Myth 3: You should avoid statins if you have diabetes
People with diabetes benefit the most from statins, which reduce their risk of heart attack, stroke and death. While statins may increase blood sugars, this does not offset the overall benefit that statins provide. If you take statins, be sure to monitor your sugars, watch your diet and include regular exercise in your routine.
Myth 4: Statins cause cognitive dysfunction or dementia
On the contrary, recent studies show that statins create a protective effect from cognitive dysfunction or dementia with long-term use.
In 2012, the FDA changed the drug label for statins to include a warning: Memory loss and confusion have been reported with statin use. These reported events were generally not serious and went away once the drug was no longer being taken, but confusion on this issue remains. More recent studies have looked at dementia and cognitive changes and found that statins may be beneficial and can prevent dementia – especially with long-term use.
Myth 5: Natural supplements like red yeast rice are safer than taking a statin
Doctors don’t prescribe supplements in place of statins for a reason: No controlled or reliable studies have proven that supplements prevent heart disease. Because statins are medicine, they have to prove their efficacy. Supplements do not under current federal law.

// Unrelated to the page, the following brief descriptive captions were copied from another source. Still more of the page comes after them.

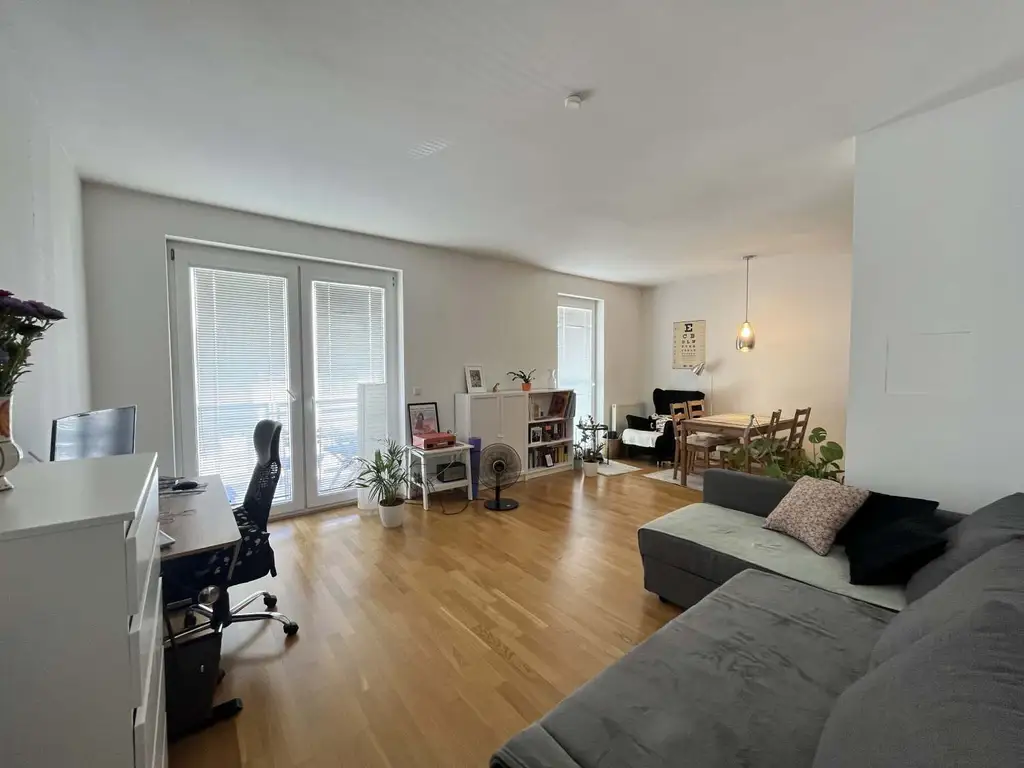 Balkonwohnung mit 2 Zimmern und Blick in den Innenhof - 
nähe Schnellbahn-Station Rennweg!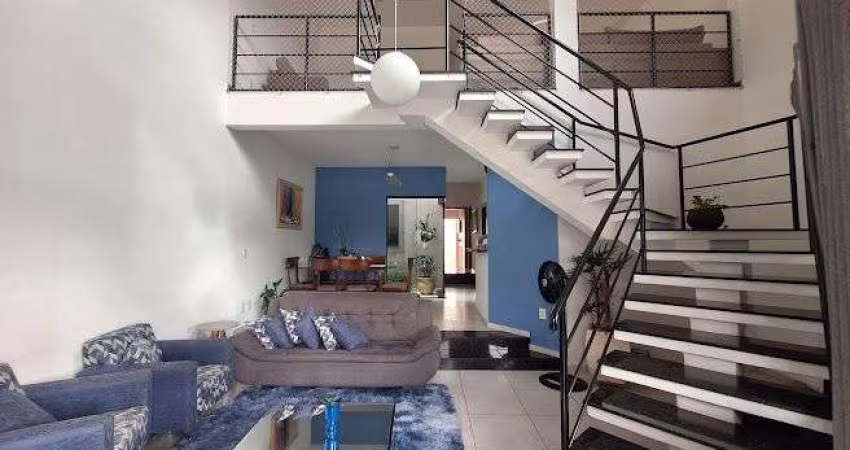 Casa com 3 dormitórios à venda, 215 m² por R$ 990.000,00 - Campos do Conde Chambord - Tremembé/SP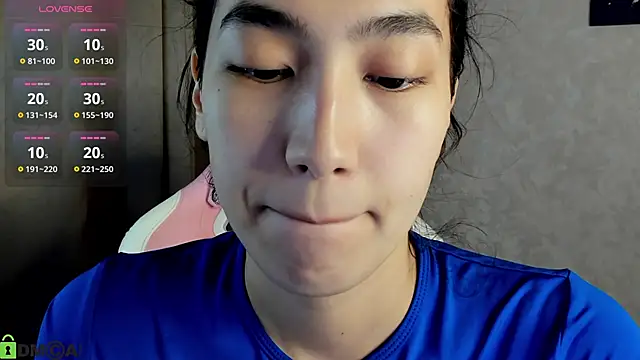 FlirtyAura online show from November 2025 02:12:02 AM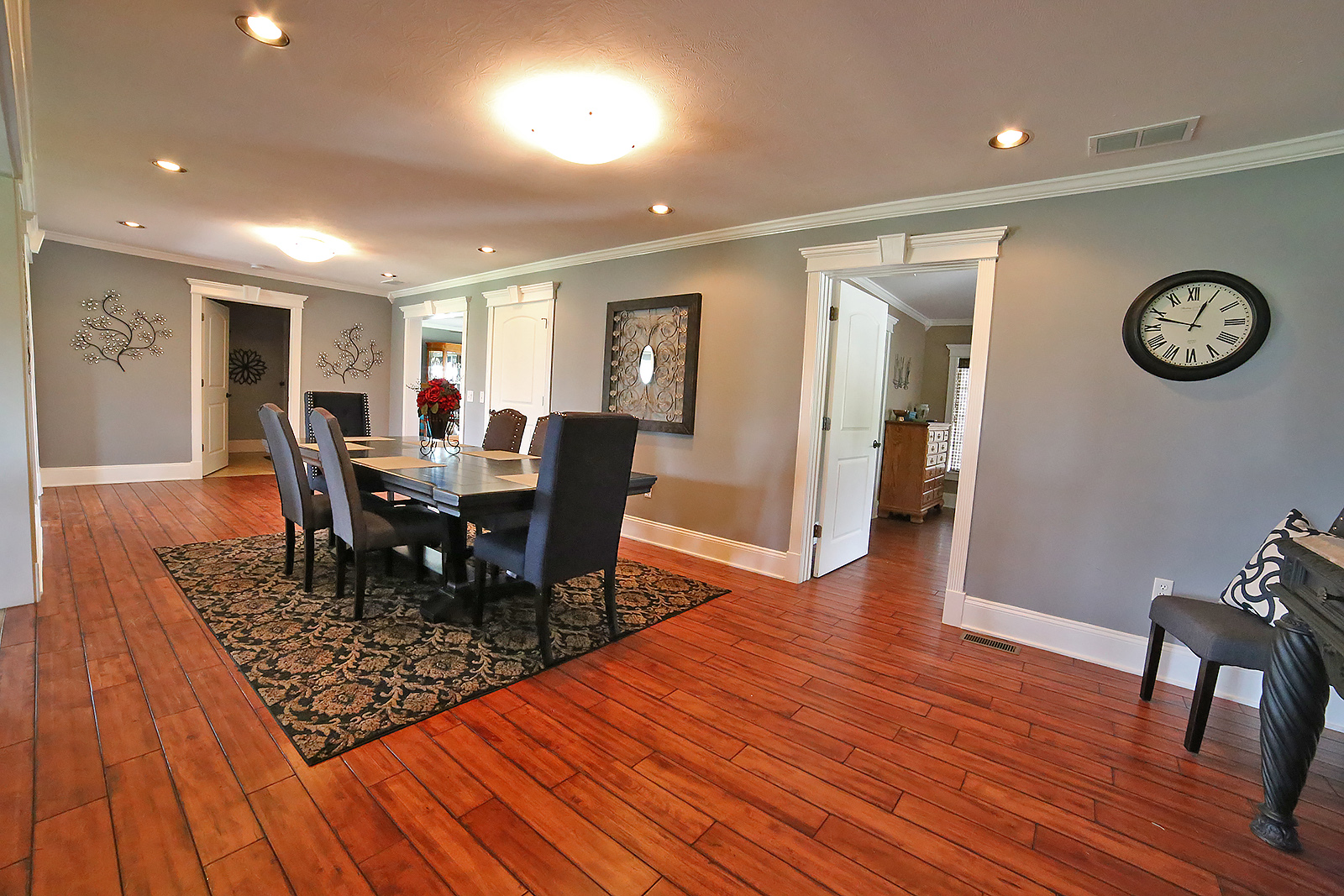 2933 E 900 N, Edinburgh, IN 46124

Supplements are not regulated and tested the way drugs must be before doctors can prescribe them. In addition, supplements vary greatly in their strength and they can contain ingredients that are not listed in the label. Remember: Don’t mistake something billed as “natural” for safe.
Myth 6: Being statin-intolerant means you will never be able to take a statin
Research conducted by Cleveland Clinic’s Preventive Cardiology Department has found that most people can tolerate statins either by changing the medication type or by staggering their doses. Don’t give up on this life-saving medicine: Work with a specialist to find the right drug and the best dose for you.
Myth 7: Statins cause cataracts
A recent observational study — which does not offer the same high level of proof as a double-blind study — suggested an increased risk of cataracts. However, more studies are needed. There is no definitive evidence that statins cause cataracts. But there is ample proof that statins help prevent heart disease. It’s important to note there are possible side effects and risks with every medicine you take. You need to follow up and work with your doctor to achieve the best results.
Myth 8: Everyone should take statins
Statins are the treatment of choice for people with high cholesterol and those with coronary heart disease. You should only take statins if you need them. Statins also benefit the blood vessel lining, reduce cell damage from oxidation and keep blood platelets from clumping, which reduces the risk of a blood clot.
Myth 9: Older adults do not benefit from statins
Older adults can benefit from statins depending on their life expectancy and the likelihood of achieving a true benefit with this therapy. Diet and exercise are important parts of risk factor management and should be continued while on statin therapy. While some people are able to achieve their goals through strict diet alone, many will need to take a statin to meet their LDL goals and reduce the risk of progression of heart disease.